Franz Kafka, Journal (juillet 1913)
D’avoir l’âge exact de Kafka (à un siècle près) me rend la fraternité plus atroce encore ; il est mort il y a un siècle maintenant.
Face au vent devant l’île Maire qui aurait pu tout emporter, souffler et souffler davantage, donner prise à la violence, être cette pure surface sur quoi les forces s’abattent et que dans l’enchaînement le vent soit justifié : c’était de toute cette vie l’instant précis où tout avait lieu.
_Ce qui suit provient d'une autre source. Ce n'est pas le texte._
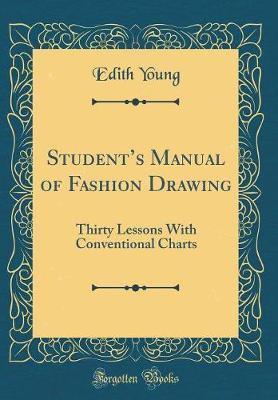 Students Manual of Fashion Drawing: Thirty Lessons With Conventional Charts (Classic Reprint)(English, Hardcover, Young Edith)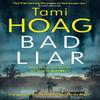 Bad Liar by Tami Hoag Paperback Book 9781409169680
De toute cette lâcheté aussi, de toute cette honte, des regrets et des fantômes, des peurs terribles d’enfants qui saisissent le vieillard que je suis, que j’étais dès huit ans, que je ne cesserai plus d’être devant, de toutes les colères sauvages, celles qui, en sortant de l’école, me prenait à la gorge jusqu’à presque vomir de pitié face au monde qui s’éloignait, de tout cela : faire quelque chose qui ne soit pas seulement autre chose : ou pour donner le change, ou pour s’en laver, consoler l’enfant intérieur, réparer le vivant (tout cela qui ferait honte encore davantage, jusqu’à vouloir renoncer tout à fait), non, autre chose : qu’aller parmi les vivants mes contemporains, ce serait plutôt plonger la main entière dans cette plaie béante des choses aveugles, vérifier la hauteur de la blessure.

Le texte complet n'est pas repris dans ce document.